- Battle of Bosra: Part of the Syrian Civil War
| Date | 21–25 March 2015 (4 days) |
| Location | Bosra, Daraa Governorate, Syria |
| Result | Rebel victory |
| Territorial changes | Rebels capture Bosra; |

Belligerents
- Free Syrian Army Al-Nusra Front Islamic Muthanna Movement: Syrian Arab Republic Syrian Arab Army; National Defense Force Hezbollah Lions of Hussein Iranian IRGC Imam Ali Brigades;

Commanders and leaders
- Gen. Bashar al-Zoubi (Southern Front leader) Ahmad al-Awda (Youth of Sunna Forces leader): Issam Zahreddine Abu Kadhim Khudr † (Imam Ali Brigades commander)

Units involved
- Southern Front Youth of Sunna Forces; Yarmouk Brigade; Omari Brigades; Lions of Sunna Brigade;: 52nd Brigade 17th Brigade^{[better source needed]}

Casualties and losses
- 21–25 killed^{[better source needed]}: Unknown

= Battle of Bosra (2015) =

Rebel operation in the Syrian Civil War

The Battle of Bosra refers to a military operation launched by Syrian rebels during the Syrian Civil War, which successfully captured the city of Bosra.

==The battle==
On 21 March 2015, the offensive was launched by rebels on Syrian Army positions in and around Bosra. According to an opposition activist from Daraa, 10,000 rebels were involved in the battle.

On 24 March 2015, rebels advanced in the town and besieged a number of soldiers in the ancient citadel, which the Army relieved after a counterattack. The Syrian Air Force launched 10 airstrikes on the town, while 30 barrel bombs were also dropped that day. The Army also fired rockets on the nearby Maaraba hospital, where injured rebels were being treated, which completely levelled the building.

On 25 March 2015, FSA rebels backed by Islamist factions captured the town and its UNESCO archaeological sites.
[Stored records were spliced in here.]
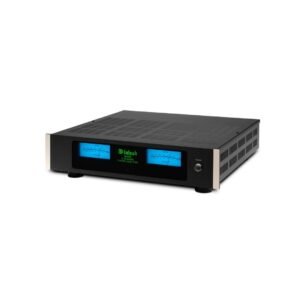 McIntosh Labs MI502 2-Channel Digital Amplifier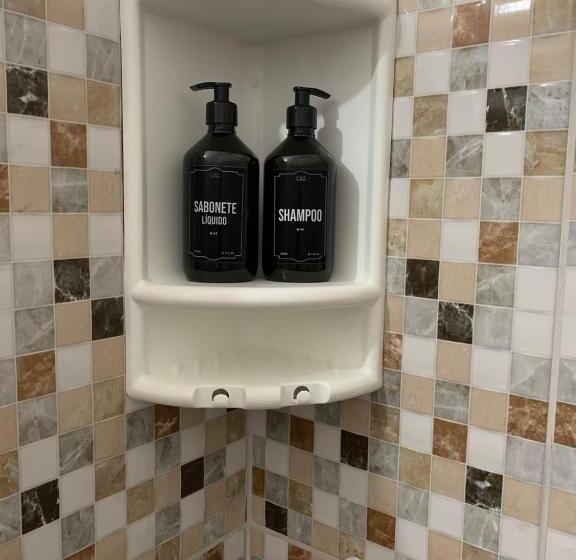 סוויטת ג'וניור עם מרפסת, Suite Casal Na Praia Do Preá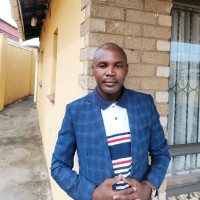 Lungelo Mbatha
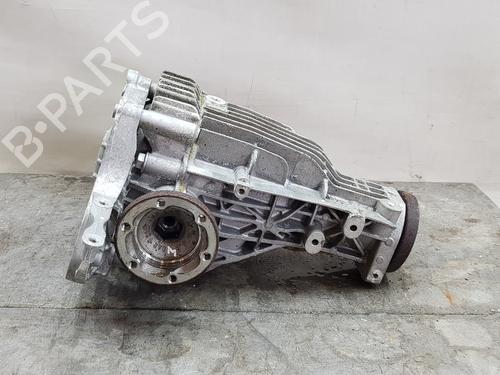 Rear differential AUDI A6 C7 (4G2, 4GC) 2.0 TDI | BP29508703M24 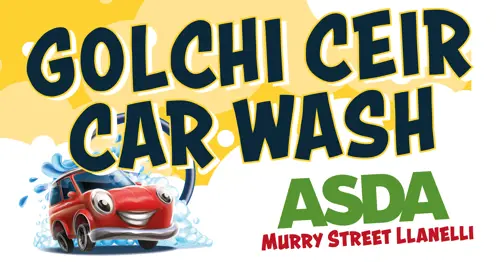 Golchfa Ceir Llanelli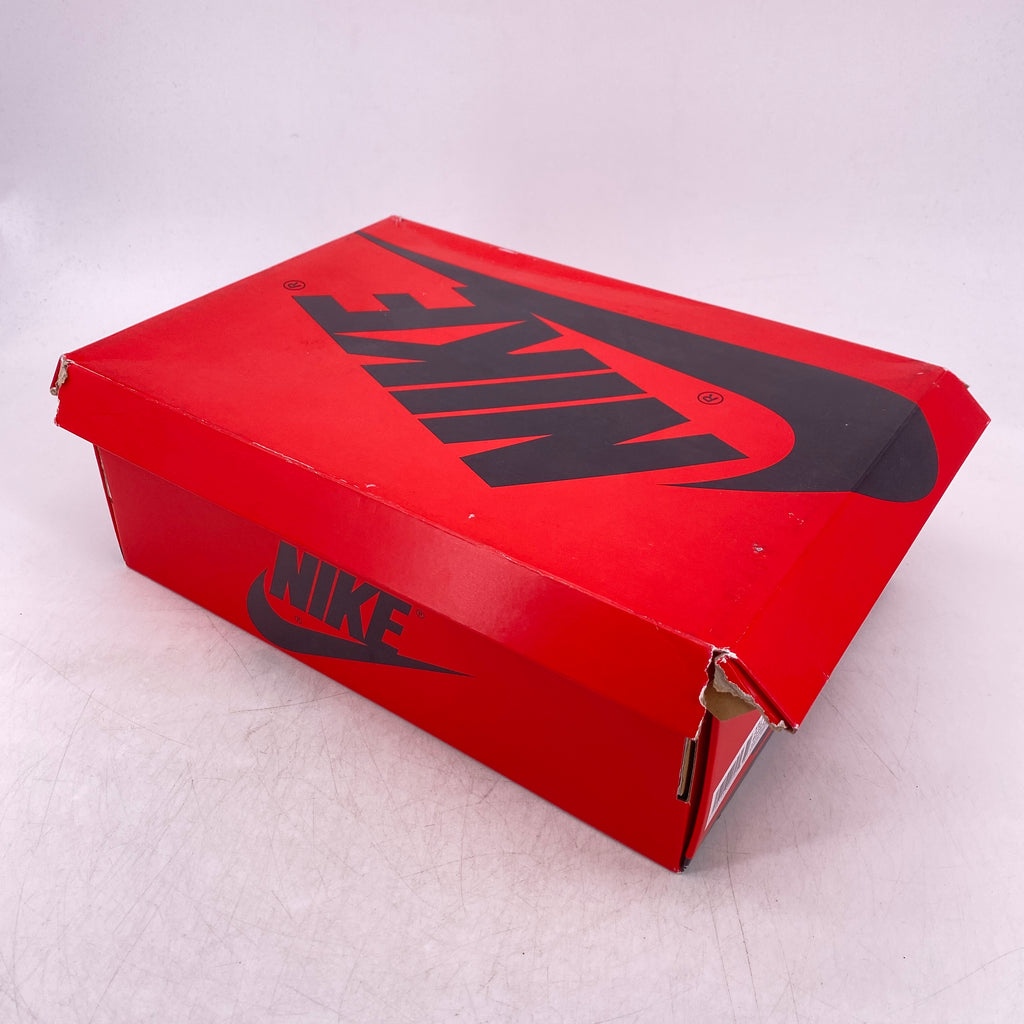 Air Jordan 1 HI 85' "Black White" 2023 New Size 7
According to a pro-government source, Army and militia units retreated from their positions in the town after the promised reinforcements were not deployed.

==Aftermath==
On 29 March, local clashes took place in Glen town in the Daraa countryside between the Islamic Muthanna Movement and the Lions of Sunna Brigade after an "argument" occurred about dividing the seized weapons and ammunition in Bosra. One fighter from the Islamic Muthanna Movement was killed, while three fighters were injured from both sides in the clashes. Ahmad al-Awda turned against Al-Nusra and the Islamic Muthanna Movement and "expelled" them from the city.